Теперь все же начнем с другой сигареты, не с идеальной «сигареты» Гуссерля, и ни с той, которую я курил, когда начинал писать текст, ибо она уже давно догорела, а почти с той же… Не будем, также, доискиваться до подлинного Начала, которое невозможно отметить, маркировать… Просто надо начать не с начала, которое все же будет каким-то началом, ибо решая в буду- [28] щем что-либо начать, я уже делаю это будущее настоящим.

Легкое пламя лизнуло краешек сигареты. Я с удовольствием затянулся… Почему с удовольствием? Или я не знаю, что такое сигарета? Минздав прав, я это прекрасно знаю, что она, эта конкретная сигарета, укорачивает и без того не слишком долгую жизнь. Я это знаю: для меня сигарета — поцелуй смерти, ее соприсутствие. Если это соприсутствие кажется чаще всего слишком навязчивым, люди бросают курить. Но я не «бросаю» пока это соприсутствие Смерти. Внутреннее постижение Времени — очень личное, и через сигарету оно дает мне постижение Смерти и небытия, а через них — вечности, но той вечности, в которой мое место утрачено. Что же такое это постижение? Это прежде всего со–присутствие. Это ощущение себя смертью и в смерти. Смертью формуется сущее, Она есть как телос — начало жизни. Она есть жизнь.

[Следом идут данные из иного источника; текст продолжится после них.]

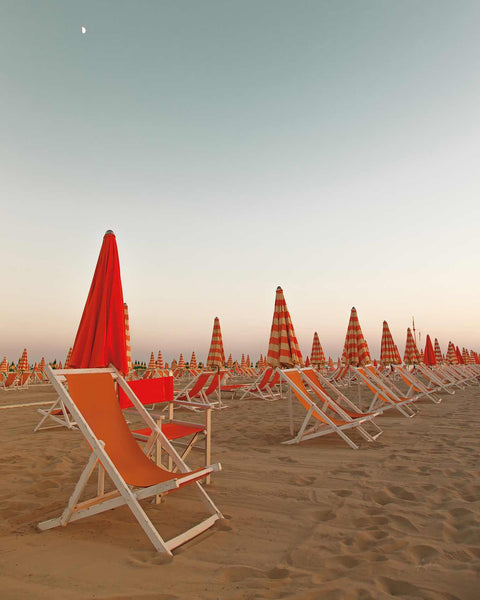a row of beach chairs sitting on top of a sandy beach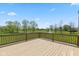 Spacious wooden deck overlooking a lush green lawn, mature trees, and a picturesque pond at 5141 S Cobblestone Dr, Zionsville, IN 46077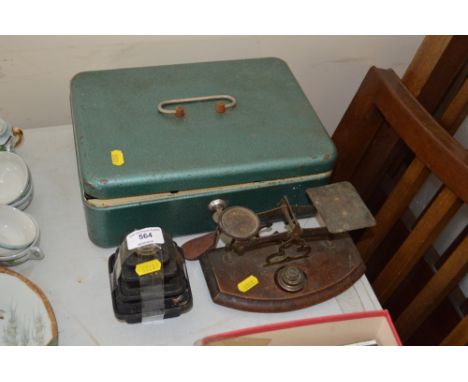 A set of scales and weights together with a lock box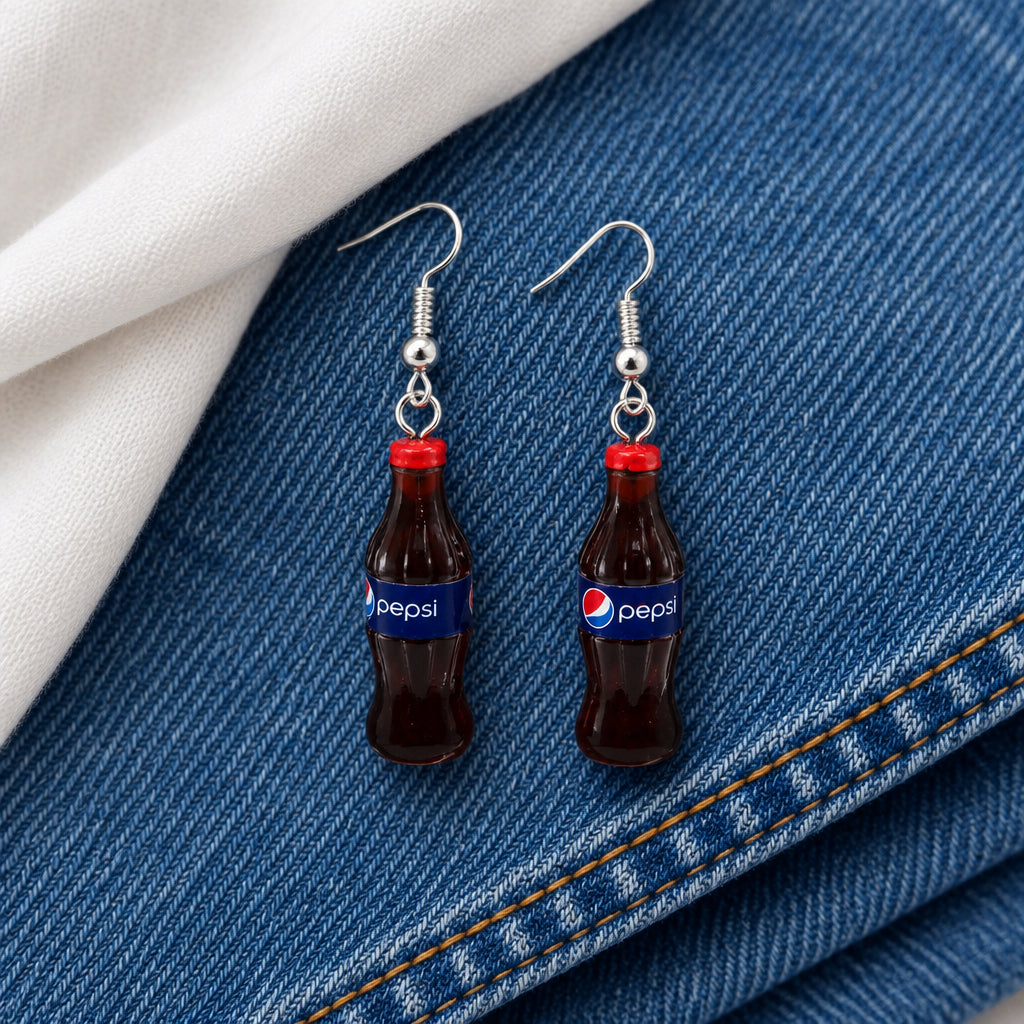 A pair of novelty earrings shaped like miniature Pepsi-Cola bottles with silver fishhook wires, displayed on a clear stand against a neutral gray background.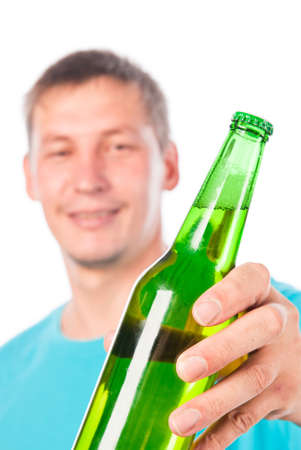 Smiling young man offer beer bottleの写真素材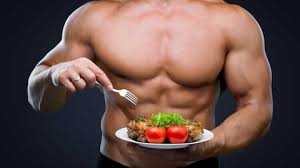 buff guy eating a healthy meal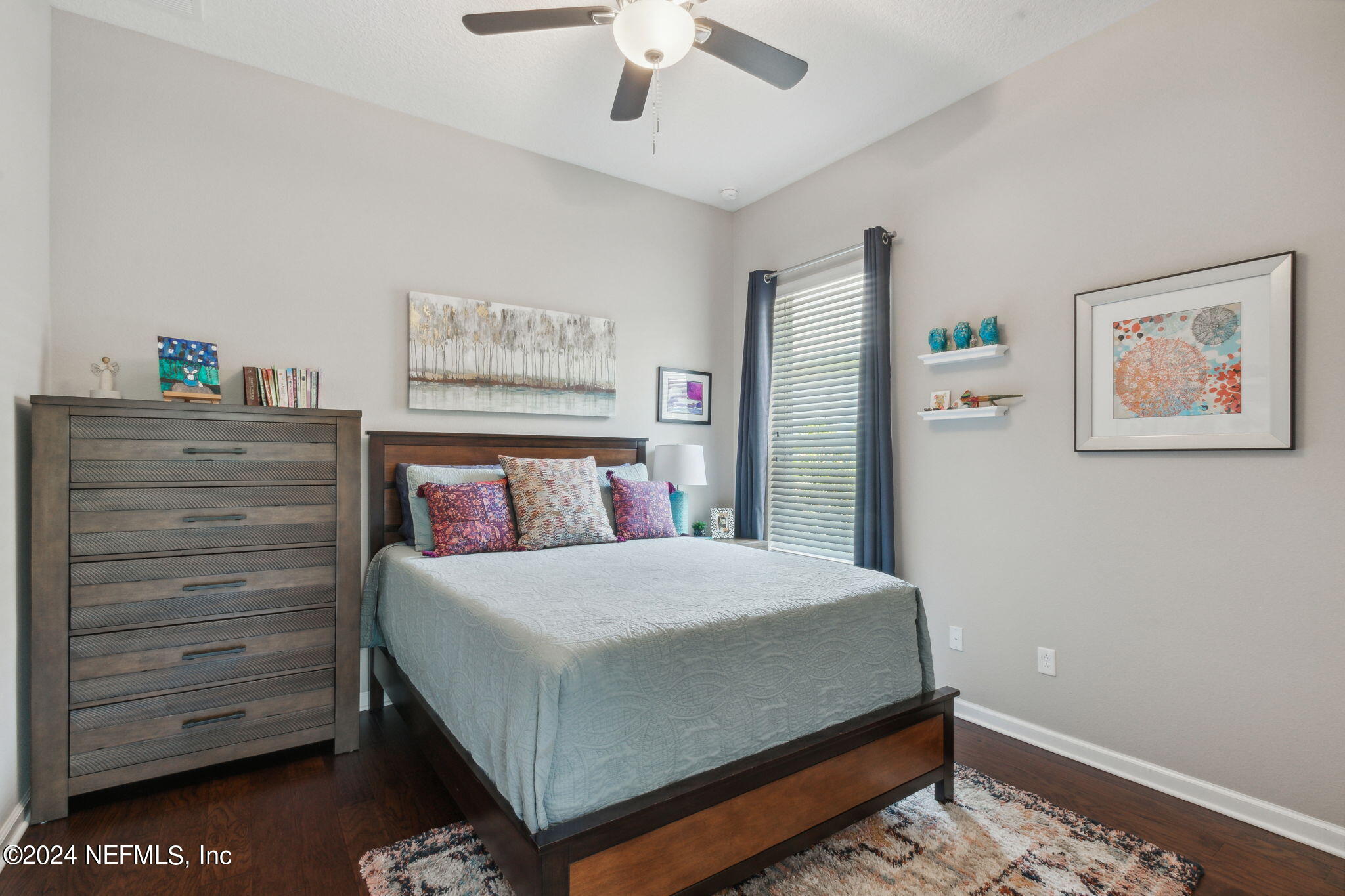 369 Medio Drive St. Augustine, FL 32095 - Photo 19 of 25 a bedroom with a bed and a cabinet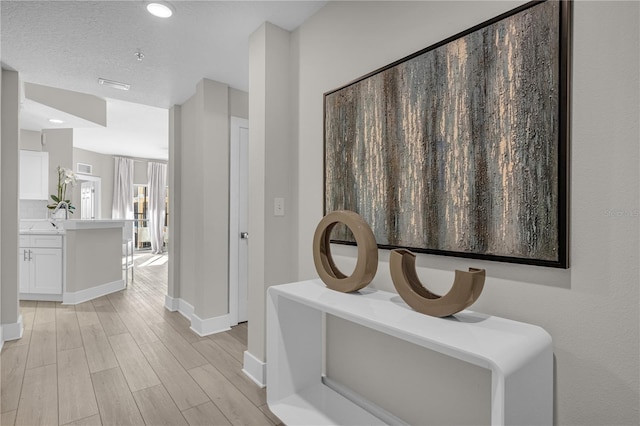 hallway with a textured ceiling and light hardwood / wood-style flooring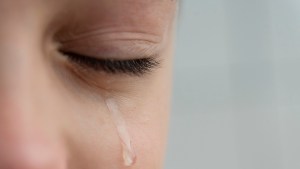 Close up image of teardrop rolls down the boys cheek his eyes are closed he is upset and crying Sad unhappy emotions of child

Но вернемся ко времени. Еще один подход. Что такое время? Может это мера движения. Время измеряет движение. Но каждому ясно, что Временем можно измерять движение лишь постольку, поскольку оно, движение, и есть уже это самое Время. Мы можем измерить движение временем, но не наоборот. А если уж откровенно, мы измеряем одно изменение другим, не больше.

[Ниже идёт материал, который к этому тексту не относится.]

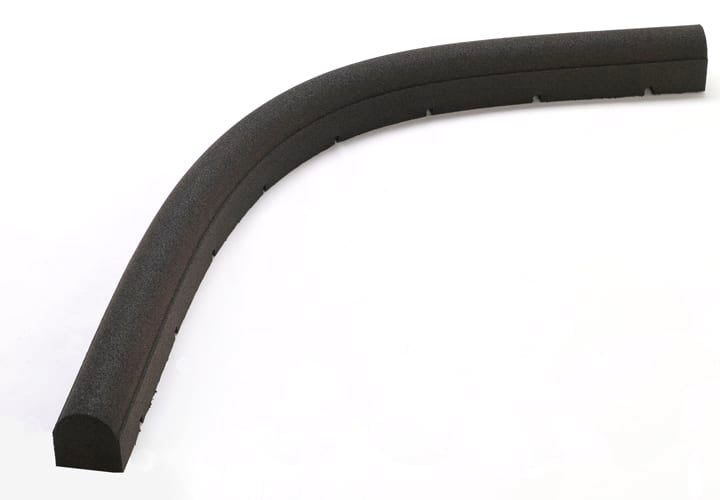 Flexible black rubber playground border timber with rounded top and drainage ports for landscaping edges
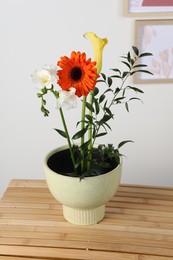 Photo of Stylish ikebana as house decor. Beautiful fresh flowers and branch on wooden table near white wall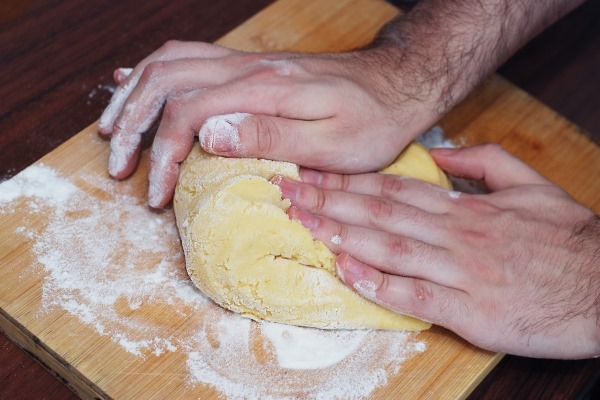 mens hands kneading bread dough on a cutting board - Монастырская кухня: лапша с грибами и лимонный пирог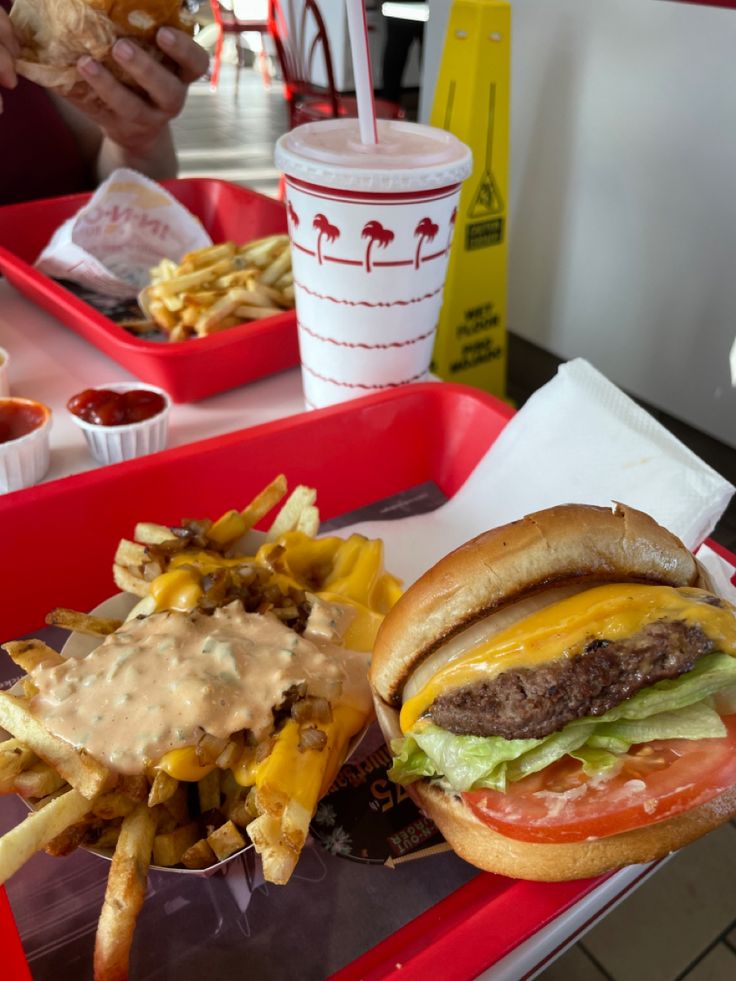 a hamburger and fries are sitting on a tray at a fast food restaurant, ready to be eaten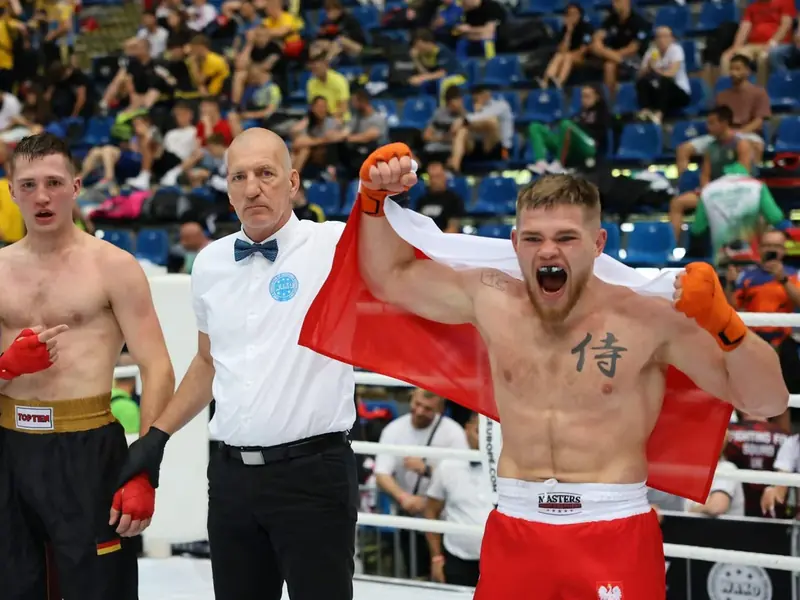 Janek Matyjaszczyk z biało-czerwoną flagą na ringu po wygranej walce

Все сказанное, однако, пока довольно «туманно», как дым струящийся сигареты. Прежде чем перейти к метафизике времени, следует, наверное, помыслить время как его мыслит здравый смысл, или как его постигали другие мыслители. Прежде всего, когда мы говорим о Времени, мы всегда имеем в виду подразделение на времена. Остановимся на этом.

2. Три времени

Время традиционно разделяется на три части. Это прошлое, настоящее и будущее. Как правило, это разделение представляется геометрическим образом: прямая, с точкой посередине. Точка — это вечно скользящее настоящее, луч в левую сторону (против направления европейского письма, наверное, арабы расположили бы все зеркально противоположным образом) — это луч времени, бесконечно направленный в прошлое, а луч вправо — луч, направленный в будущее. Однако, данное представление явно недостаточно и его пытались углубить или преодолеть. Возможны несколько путей развития данного представления о времени.
[29]

Первый — это путь, который пытается осмыслить Вечность Бога, путь, который нам предлагает бл. Августин. Он начинает с признания человеческого обыкновения мыслить три времени. Три времени — нечто субъективное: «Поэтому мне и кажется, что время есть не что иное, как растяжение, но чего? не знаю; может быть самой души». 4 Кроме того, и будущее, и прошедшее удостоверяются в настоящем, поэтому правильнее будет именовать их не просто будущем или прошедшем, а будущее настоящего и прошлым настоящего: «Три времени эти существуют в нашей душе, и нигде в другом месте я их не вижу: настоящее прошедшего — это память; настоящее настоящего — его непосредственное созерцание; настоящее будущего — его ожидание» 5. Но истинно ли подобное разделение времен? Для бл. Августина истинное — это соотнесенность с Богом, взгляд с точки зрения Бога. Для Бога же не существует нашего времени: «Ты не во времени был раньше времен, иначе Ты не был бы раньше всех времен. Ты был раньше всего прошлого на высотах всегда пребывающей вечности, и Ты возвышаешься над всем будущим: оно будет и, придя, пройдет… Все годы Твои одновременны и недвижны: они стоят, приходящие не вытесняют идущих, ибо они не проходят… Сегодняшний день Твой — это вечность…» 6 Иными словами, Вечность оказывается Вечным Настоящим Бога, поскольку для Бога нет ни прошлого ни будущего, а Вечное настоящее, которое объемлет в себе трехчленное деление человеческого времени. Таким образом, уже бл. Августином выделяется субъективность времени. Время — это нечто внутреннее. Постижение времени как внутреннего, субъективного начинается с Августина.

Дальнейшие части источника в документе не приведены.